13. Sobre isso, recordamos que o FNS segue rigorosa orientação, obedecendo não apenas a legislação civil vigente para o assunto, mas também preocupação quanto à identidade dos projetos atendidos. Desde o início da construção da Campanha da Fraternidade de 2021, temos informado ao CONIC a respeito da dificuldade e até mesmo da impossibilidade de mantermos a estrutura do Fundo de Solidariedade como ocorrido nas Campanhas ecumênicas anteriores. Sobre este ponto, tendo como base a última dessas Campanhas, a de 2016, esta Presidência já manifestou ao CONIC as dificuldades e, por espírito de comunhão e corresponsabilidade, vai conversar sobre o assunto na próxima reunião do CONSEP. A conclusão será informada em seguida.

Desse modo:
14. Em consequência, respeitando a autonomia de cada irmão bispo junto aos seus diocesanos e como não poucos irmãos nos têm solicitado indicações para informar ao povo sobre a CF 2021, consideramos importante que sejam destacados os seguintes aspectos:

A Campanha da Fraternidade é um valor que não podemos descartar.
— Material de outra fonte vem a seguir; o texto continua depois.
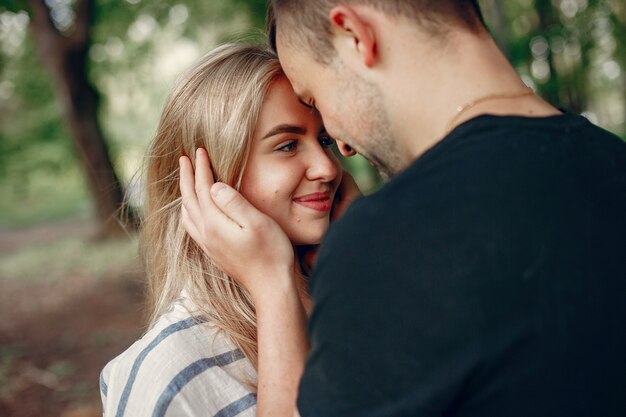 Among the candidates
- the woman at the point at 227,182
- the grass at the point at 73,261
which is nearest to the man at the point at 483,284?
the woman at the point at 227,182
Alguns temas, conforme seu modo de ser apresentado, tornam-se mais difíceis que outros.
A Igreja tem sua doutrina estabelecida a respeito das questões de gênero e se mantém fiel a ela.
Os recursos do Fundo Nacional de Solidariedade serão aplicados em situações que não agridam os princípios defendidos pela Igreja Católica.
A causa ecumênica se mantém importante. “Uma comunidade cristã que crê em Cristo e deseja com o ardor do Evangelho a salvação da humanidade não pode de forma alguma fechar-se ao apelo do Espírito que orienta todos os cristãos para a unidade plena e visível … O ecumenismo não é apenas uma questão interna das comunidades cristãs, mas diz respeito ao amor que Deus, em Cristo Jesus, destina ao conjunto da humanidade; e criar obstáculos a este amor é uma ofensa a Ele e ao Seu desígnio de reunir todos em Cristo” (S. João Paulo II, Encíclica Ut Unum Sint, 99)
15. Concluímos lembrando a importância da Campanha da Fraternidade na história da evangelização do Brasil. É nossa marca. Cabe-nos cuidar dela, melhorá-la sempre mais por meio do diálogo, assim como nos cabe cuidar da causa ecumênica, um ideal que se nos impõe. Se nem sempre é fácil cuidar de ambos e de muitos outros aspectos de nossa ação evangelizadora, nem por isso devemos desanimar e romper a comunhão, uma de nossas maiores marcas, um tesouro que o Senhor Jesus nos deixou e do qual não podemos abrir mão. Não desanimemos. Não desistamos. Unamo-nos.